Jay Robert Nash tells the story of the farmer standing at the teller's cage with a stack of bills in front of him. Dillinger saw the money and asked, "that your money or the bank's?"

"Mine," the farmer told him.

"Keep it. We only want the bank's."

With no other surprises or any gunfire, the gang left the bank with almost $75,000 an enormous sum in those Depression years.

Dillinger enjoyed making fun of his pursuers whenever he had the opportunity. During the summer of 1933 he had taken Mary Longnaker to the Chicago Worlds Fair and amused himself by asking police officers to pose for pictures despite the fact he was wanted for several robberies. After his arrest in Dayton, Ohio, Matt Leach, a captain in the Indiana State Police, interrogated him. Leach had a propensity to stutter when excited. Dillinger took note of this and would call and taunt him over the telephone referring to him as the stuttering bastard. Later, when the Dillinger Squad was formed by Captain John Stege of the Chicago Police Department, Dillinger would call and taunt Sergeant Frank Reynolds, a key member of the unit.

During November 1933, the gang fired two members. Ed Shouse, who had been hitting on Dillingers girlfriend Billie, was talking about robbing a bank on his own. The other gang members tossed him a roll of bills and told him to hit the road. He did so, taking Red Hamiltons car and heading to California. Next was Harry Copeland who had been drinking so much that the gang considered him unreliable. Two days after his ouster, he got drunk in a Chicago bar and began slapping around a woman he met. Police were called and he was arrested and eventually sent to Michigan City. On November 15, Dillinger and Billie were almost caught by Chicago police outside a doctors office near the Loop. A Dr. Charles Eye was treating Dillinger for a minor skin condition. The two escaped pursuit after a wild chase in which Dillinger impressed the police with his driving ability.

The gang moved to Milwaukee where they planned the robbery of the American Bank and Trust in Racine, Wisconsin. On November 20, 1933, the good-looking, well-dressed Henry Pierpont confidently walked into the bank with a roll of paper under his arm. Then he pasted up a big Red Cross poster in the picture window of the bank, which happened to block the tellers' cages from being seen from the street. Mrs. Henry Patzke, the bookkeeper noticed, but didn't think anything of it.

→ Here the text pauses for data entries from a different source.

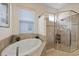 Bathroom featuring a modern glass enclosed shower and a large soaking tub with blinds at 3142 Stonegate Falls Dr, Land O Lakes, FL 34638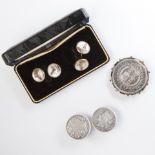 A group of cufflinks and brooch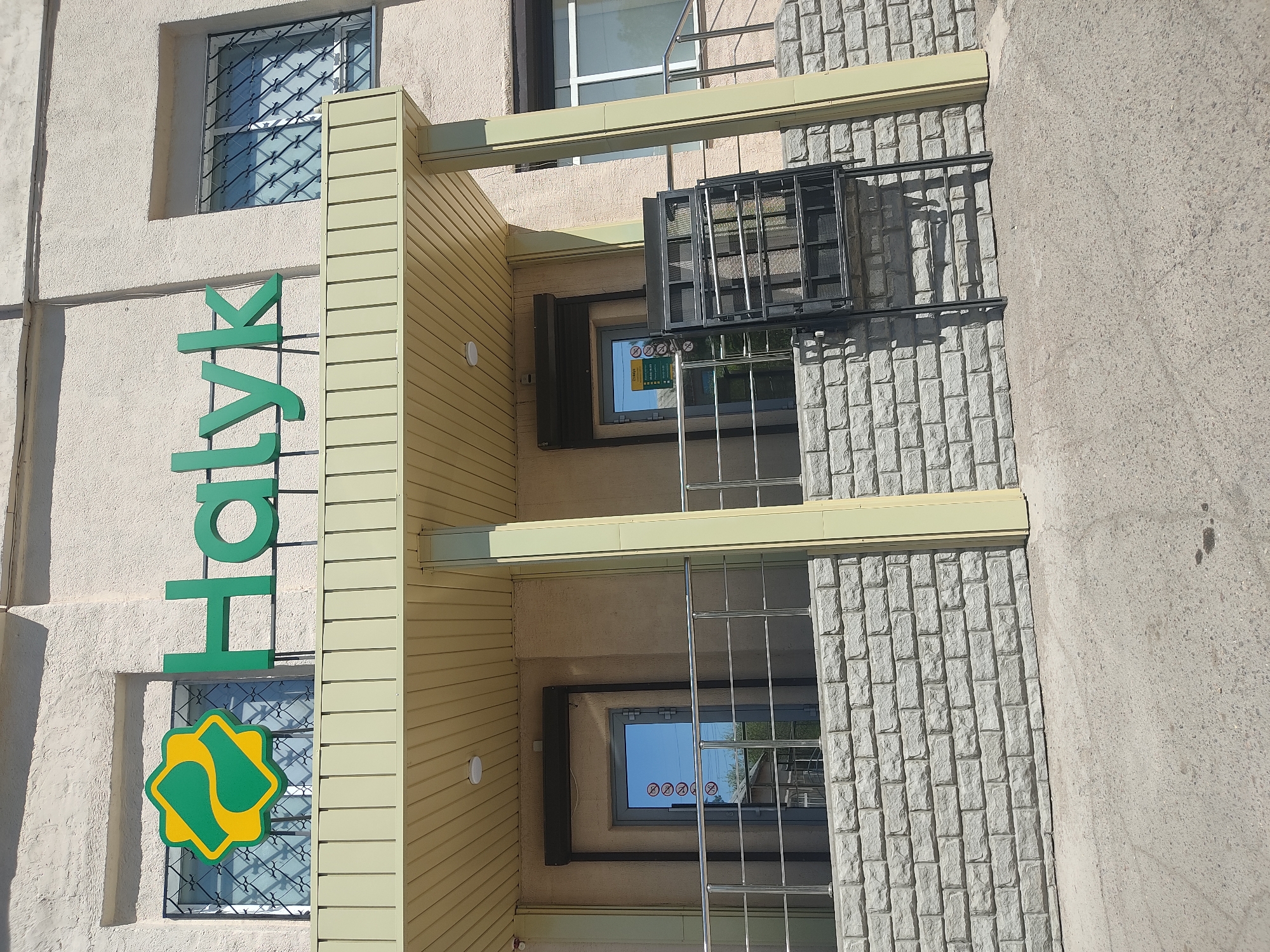 The image shows a building in an urban environment, likely in the city of Unknown, Unknown. The building has a sign that reads "Halyk" in green letters, with a yellow and green logo below it. The building has multiple windows with metal bars on them, and some windows have signs with symbols on them. The building's facade is made of different materials, including a textured concrete, wood panels, and brick-like material. There are metal railings and fixtures attached to the building. The environment appears to be a bright day, with clear skies reflected in the windows. The building is adjacent to a concrete sidewalk.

Shortly afterward, Dillinger, Makley and Hamilton walked into the bank and went up to the window where Harold Graham, the head teller stood. "Go to the next window, please," he told them. Graham had heard someone say that it was a stickup, but the phrase was often bantered around as a joke.

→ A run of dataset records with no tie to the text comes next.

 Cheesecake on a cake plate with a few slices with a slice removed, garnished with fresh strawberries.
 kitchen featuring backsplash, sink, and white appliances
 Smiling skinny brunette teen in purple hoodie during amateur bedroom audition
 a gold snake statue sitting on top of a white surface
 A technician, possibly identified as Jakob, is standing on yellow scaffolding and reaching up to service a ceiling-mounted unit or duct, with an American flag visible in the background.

Makley repeated his order more forcefully, "Stick 'em up!" Graham made a sudden movement and Makley fired, hitting Graham in the elbow and hip. Graham fell and set off the silent alarm that rang in the police station.

Pierpont ordered everyone to the floor, flat on their stomachs, while Dillinger got the cashier and bank president to open the vault. Shortly afterwards, two policemen walked to the bank, expecting that this was just another false alarm, like many other ones before it. When they walked into the bank, Pierpont relieved one of them of his gun and told Makley to "get that punk with his machine gun!"

Makley fired at Sergeant Hansen and wounded him twice, but not too seriously. It was enough to start a panic: women inside the bank were screaming hysterically, a crowd was gathering outside and armed men were appearing from police cars. They grabbed several hostages, but only two Mrs. Patzke and the bank president went with them in the getaway car. Not long after, the two hostages were let go unharmed.